After another stop at a souvenir shop we ended our day at Gibbs Farm, a working coffee plantation with a delightful bed-and-breakfast nestled in the lush greenery along the hillside. Like the RiverTrees, it is structured as a set of individual cottages, each sleeping two or four, each with large sitting areas, luxurious porches, and individual fireplaces. Lush gardens of greenery and flowers line the paths and bushbabies scamper among the trees overhead. The main lodge houses an outstanding restaurant – easily the best food we had on the whole trip, and that’s really saying something because we had delicious food at every meal. More than 90% of the food they serve is grown on their own farm, from the vegetables to the eggs and meat, and the chef is outstanding. This was our base for exploring Ngorogoro crater, although Gibbs has its own series of activities (watch the bread-making operation, tour the farms, help pick the vegies for the evening dinner, or listen to a local church choir sing) that made the place a truly fun place to stay.
Day 5 was dedicated to Ngorogoro crater, “the world’s largest inactive, intact, and unfilled volcanic caldera.” Covering over 100 square miles, with walls over 2,000 feet high, it’s an impressive ecosystem unto its own. We climbed slowly up the winding road on the outside of the crater, then bumped through the cloud forest along the dirt road halfway around the rim before heading down to the crater floor. (The caldera, a collapsed volcano, is tall enough to generate its own weather and the upper slopes are generally enveloped in clouds throughout the morning.) The crater floor is largely flat, largely open grassland, with a few small forested areas, a spring-fed marshy area, and a soda lake that was dwindling in size as the dry season progressed. The crater floor, though relatively small compared to the big national parks, has an incredibly dense collection of wildlife. At this point we were accustomed to common sights of zebra, wildebeest, and various species of antelope, though we did catch our first look at Thomson Gazelles – small antelopes with distinctive markings and, given we were touring with Thomson Safaris, a special favorite for our group. We had our first good look at hippos — although the best would come later, we were told; the real excitement was a sighting of a rare black rhinoceros (highly endangered due to poaching, with only 17 surviving in the crater) and of a serval, a small but beautiful cat. While watching a herd of elephants, we watched an auger buzzard swoop down and catch a snake, an impressive feat from his perch high in a tree and the tall grass where he found the snake.

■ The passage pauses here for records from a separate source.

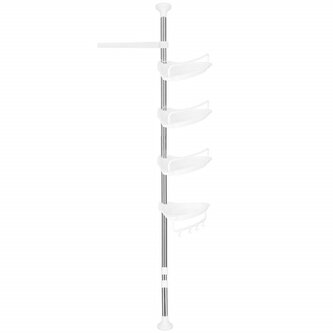 Teleskopická rohová polička do koupelny, bílá SPRINGOS HA5176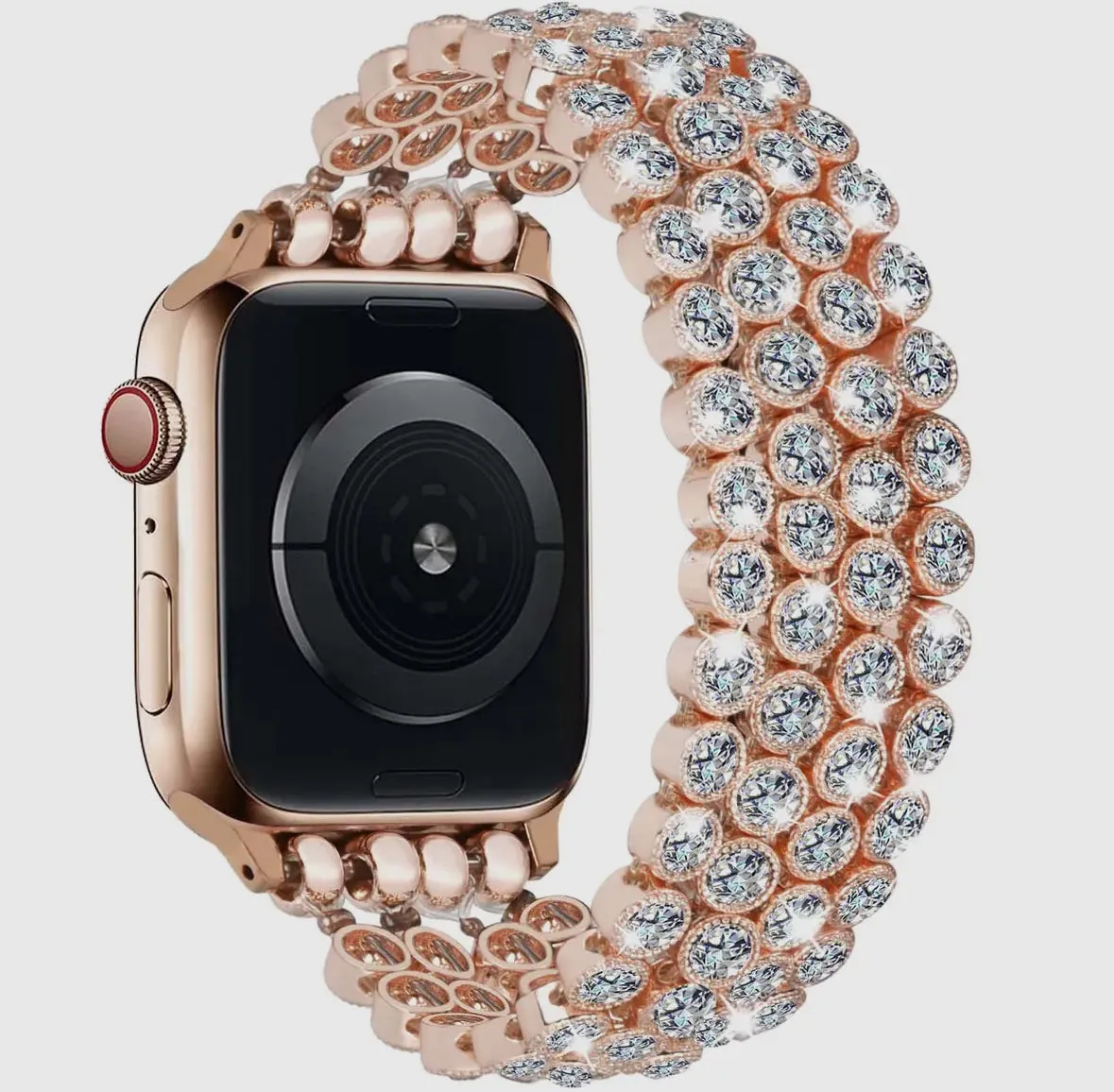 Rose Gold Rhinestone Elastic Smart Watch Band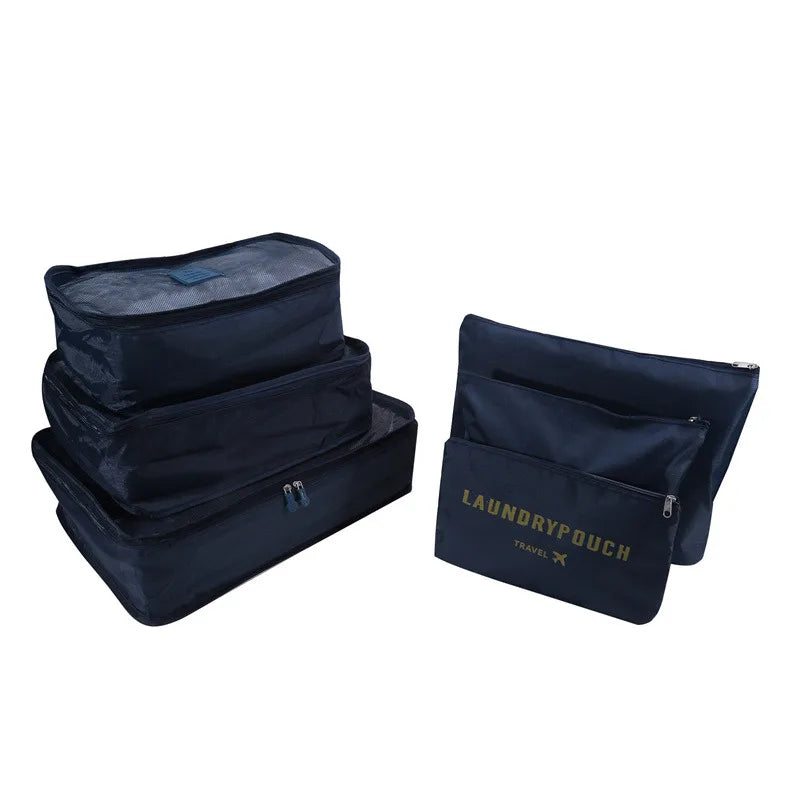6PCS Travel Storage Bag Set – Clothes Organizer, Wardrobe Pouches & Packing Cubes for Suitcases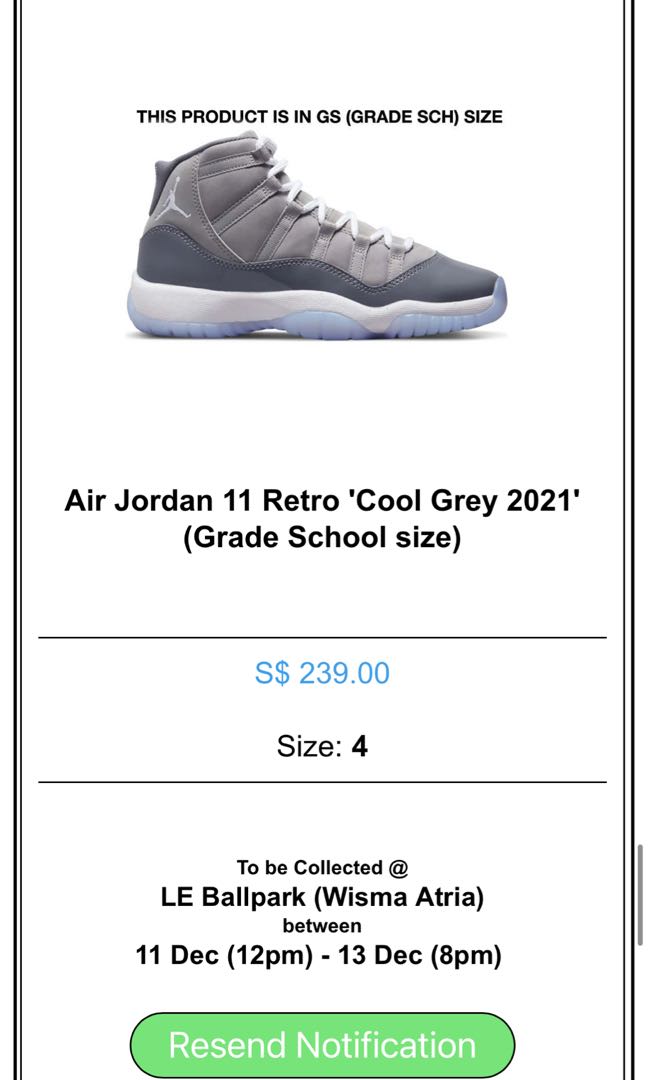 Cool grey 11 size 7 on sale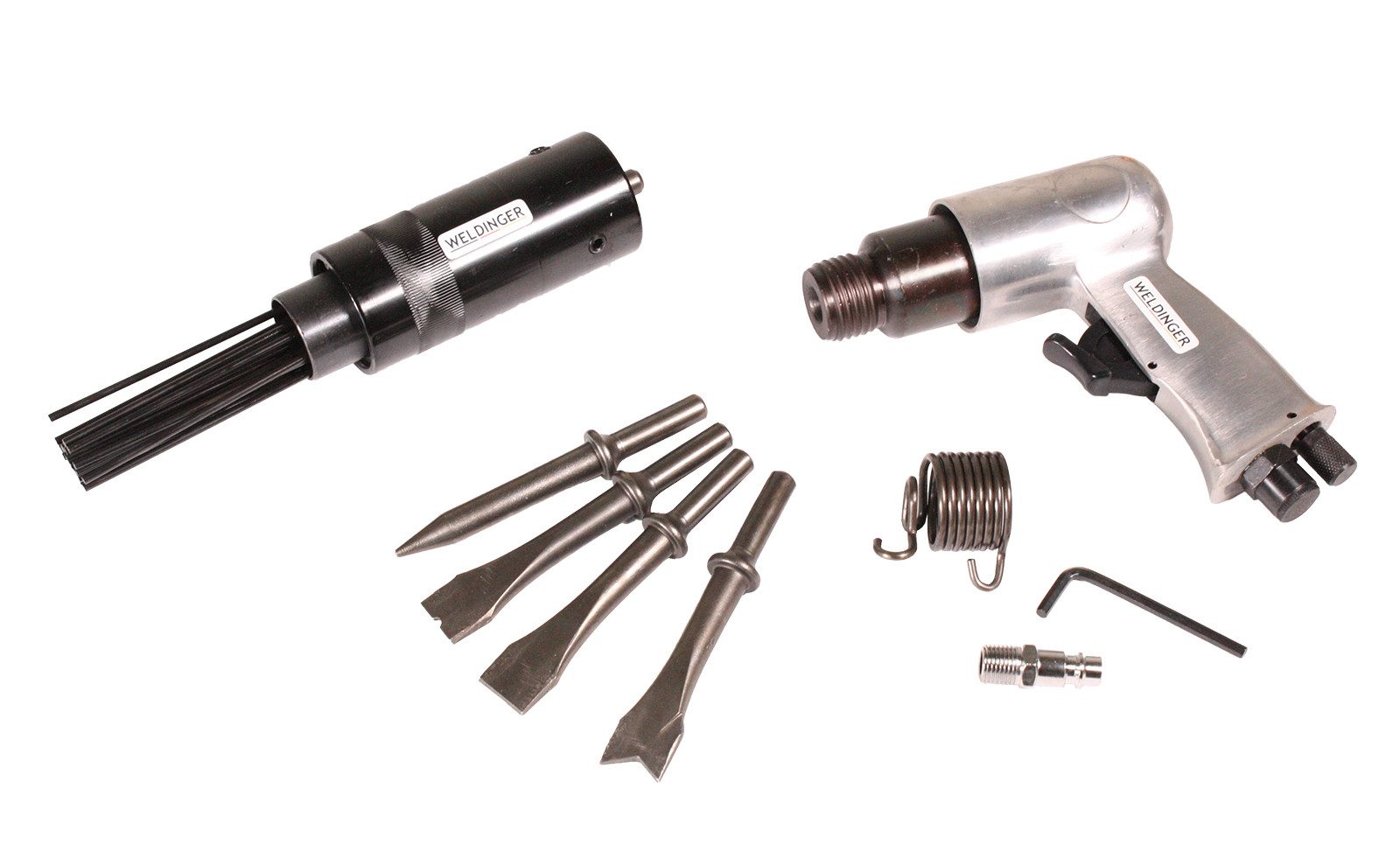 WELDINGER Druckluft-Meißelhammer Druckluft-Meißelhammer 4-teiliger Meißelsatz Nadelentroster 113 l/min, für Bajonett-Schnellkupplung, (Set, 4-tlg) Blechtrennmeißel, Spitzmeißel, Nietenmeißel und Breitmeißel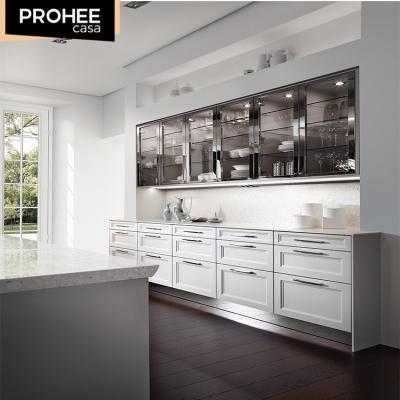 China Durable American White Kitchen Cabinets Modern Household Kitchen Cabinets Home for sale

We climbed back out of the crater on a steep and twisty cobblestone road – not a good place for acrophobes! — and around the rim to our starting point. From the viewpoint we could survey the entire crater, with thousands of grazing animals visible two thousand feet below. Memorial markers here celebrate the German scientists and explorers who, a hundred years earlier at a very different time, recognized the ecological importance and impressively unique nature of this place, pushing for its conservation and preservation.
After a wonderful performance by a local church choir, singing upbeat Christian hymns in Swahili, we had another delicious meal at Gibbs Farm in the restaurant as the sun set over the coffee fields and the rolling hills below.